▶ **Work instruction**
Reproduce the entries in full. Exclude all images from the copy.

▶ **Saved data entries**
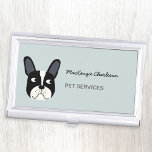 French Bulldog Dog Animal Pet Services Business Card Holder<br><div class="desc">A fun French Bulldog design on a duck egg blue background. Great for dog walkers,  dog groomers,  pet sitters and any animal or pet services. Original art by Nic Squirrell.</div>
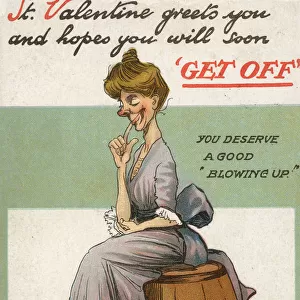 Comic Valentines Postcard - Old Maid about to be blown up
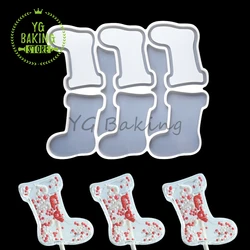 New Christmas Socks Design Silicone Lollipop Mold Epoxy Resin Candy Cake Mould Cake Decorating Tools Kitchen Bakeware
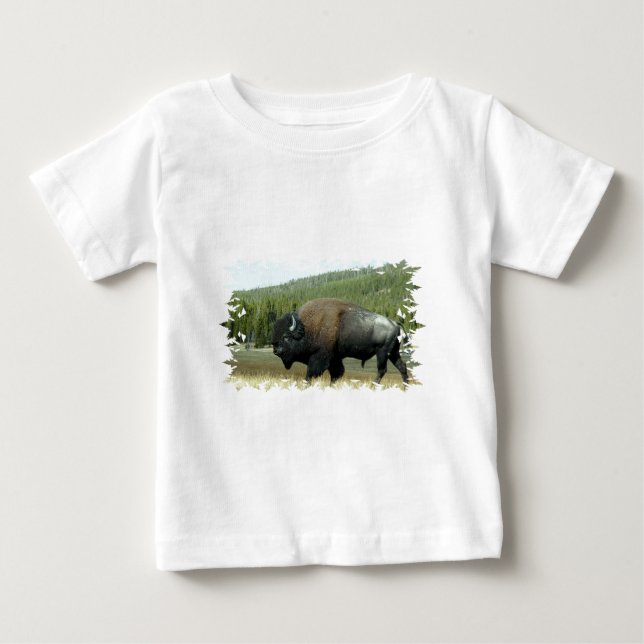 T-shirt Pour Bébé T-shirt de bébé de bison (Devant)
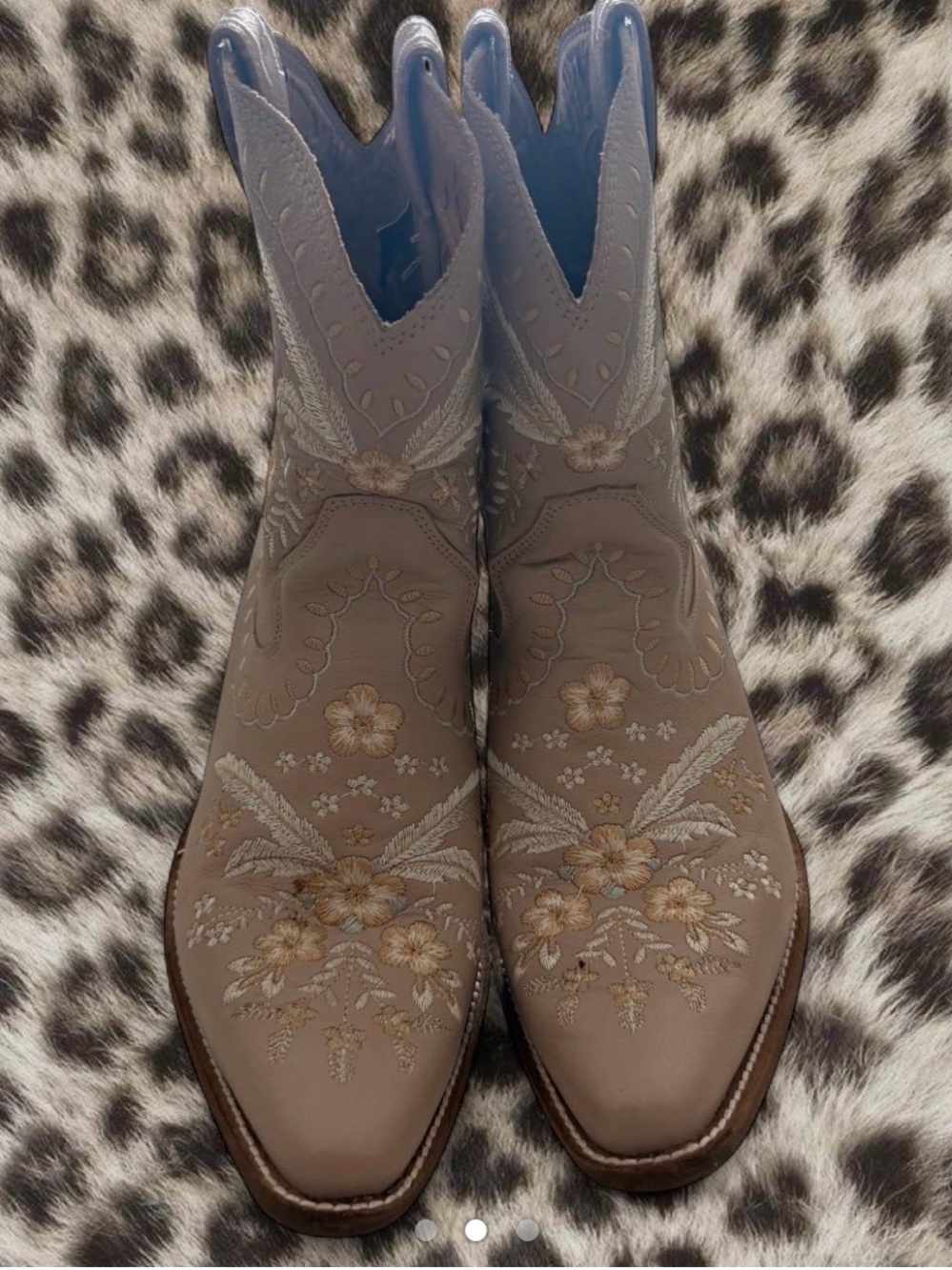 dingo Taupe Floral Embroidered Western Ankle Boots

▶ **Written answer**
 French Bulldog Dog Animal Pet Services Business Card Holder<br><div class="desc">A fun French Bulldog design on a duck egg blue background. Great for dog walkers,  dog groomers,  pet sitters and any animal or pet services. Original art by Nic Squirrell.</div>
 Comic Valentines Postcard - Old Maid about to be blown up
 New Christmas Socks Design Silicone Lollipop Mold Epoxy Resin Candy Cake Mould Cake Decorating Tools Kitchen Bakeware
 T-shirt Pour Bébé T-shirt de bébé de bison (Devant)
 dingo Taupe Floral Embroidered Western Ankle Boots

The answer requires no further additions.